Have I got this right 
you do this once at each bookies offering a free bet ?


----------



## Bero (Mar 9, 2008)

No, you take advantage of differing odds between two different bookies.

From time to time there is a situation where if you bet with one bookie on TeamA to win and another bookie on TeamB to win (say a cup final so there can be no draws) no matter what the result you will be better off.


----------



## mteam (Dec 8, 2007)

lol I dont get this I just read a guide and I thought you did this at a bookies that was offering free bets 

I shall do some more reading


----------



## Bero (Mar 9, 2008)

There is a race with two horses, one race horse (RH) and one 3 legged donkey (DK)

Bookie #1 offers 10/1 on for the RH to win (and whatever odds on the DK)
Bookie #2 offers 12/1 for the DK to win (and whatever for the RH)

Now you place a £118 bet with bookie 1 on RH and a £10 bet with bookie 2 on the DK, total spend £128

Possibility 1 - RH wins, you get £129.80 from bookie 1 and lose your bet at the other. £128 cost - £129.80 winnings, so you are up £1.80.

Possibility 2 - DK wins, you get £130 from bookie 2 and lose your bet at the other. £128 cost - £130 winnings, so you are £2 better off.

So whatever the outcome of the race if you bet the £118 and £10 as described you will be better off overall.


----------



## chunkytfg (Feb 1, 2009)

Bero said:


> There is a race with two horses, one race horse (RH) and one 3 legged donkey (DK)
> 
> Bookie #1 offers 10/1 on for the RH to win (and whatever odds on the DK)
> Bookie #2 offers 12/1 for the DK to win (and whatever for the RH)
> ...


Not quite right as you dont book both outcomes to win you use a betting exchange like betfair to 'lay' the outcome backed with the normal bookie.

What you are effectively doing is betting an outcome happens or doesnt happen Thus acting as the bookie at the exchange. By doing it this way you can 'matched bet' on events with more than one outcome such as football.


----------



## Bluetacker (Feb 6, 2009)

It is simply a method to extract as much of the free bets that bookies offer new and existing customers as is possible.

The usual way in which the free bets are added to your account is that you will "get an £x free bet credited to your account when you first bet £x of your own money". 

The first bet of your own money, needed to get the free bet credited, is called the "qualifier".

Matched betting is exactly what it says - you bet on both sides of the same event, trying to match the odds as best you can. This is important on the qualifier, as you are using your money for both sides. It is common to make a small loss on a qualifier as you can't always get exact odds at the exchange.

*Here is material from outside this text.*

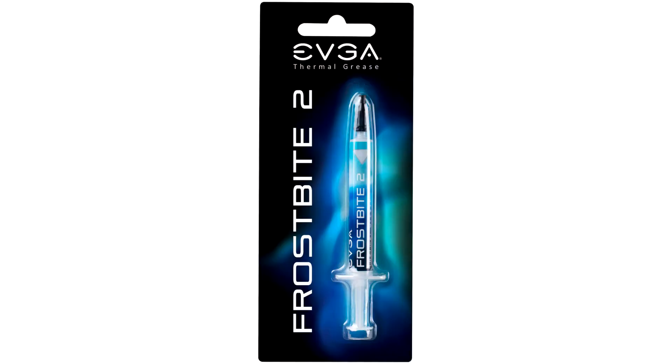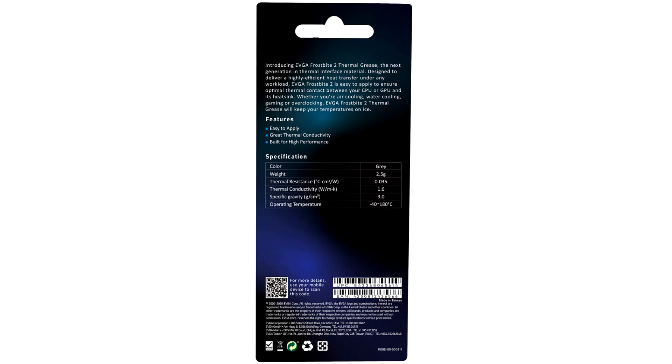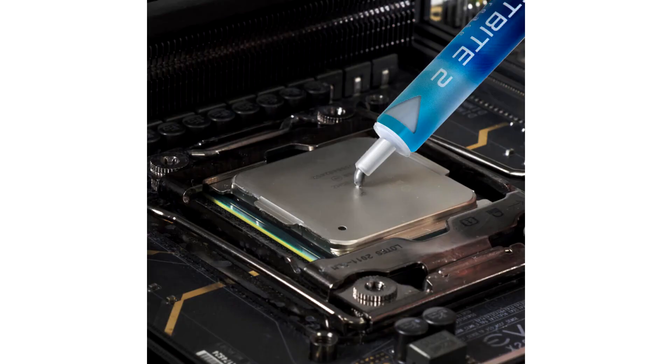Introducing EVGA Frostbite 2 Thermal Grease, the next generation in thermal interface material. Designed to deliver a highly efficient heat transfer under any workload, Frostbite 2 is easy to apply to ensure optimal thermal contact between your CPU or GPU and its heat sink.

Where you make the money is with the free bet. Again, you try and match the odds, but because you are betting on both sides but only using your money for the exchange (and the "free" bet at the bookie", whichever outcome occurs makes you a profit - the closer you can match the odds, the more of the free stake (bet) you will get to pocket.


----------



## Eddy (Apr 13, 2008)

Bero said:


> There is a race with two horses, one race horse (RH) and one 3 legged donkey (DK)
> 
> Bookie #1 offers 10/1 on for the RH to win (and whatever odds on the DK)
> Bookie #2 offers 12/1 for the DK to win (and whatever for the RH)
> ...


hmmm, I think I'm pretty thick as I still don't get this, surely at 10/1 and 12/1 you would stake a tenner on each, total stake £20, potential winnings £110 or £130

I don't think I'll ever understand, ok one thing I do which sounds similarish (write that down) is back overs on any football game at say 2.10, then
if a goal goes in before the half hour mark, then back unders as soon as its scored at 2.5 or 3 so that either way I'm guaranteed some profit


----------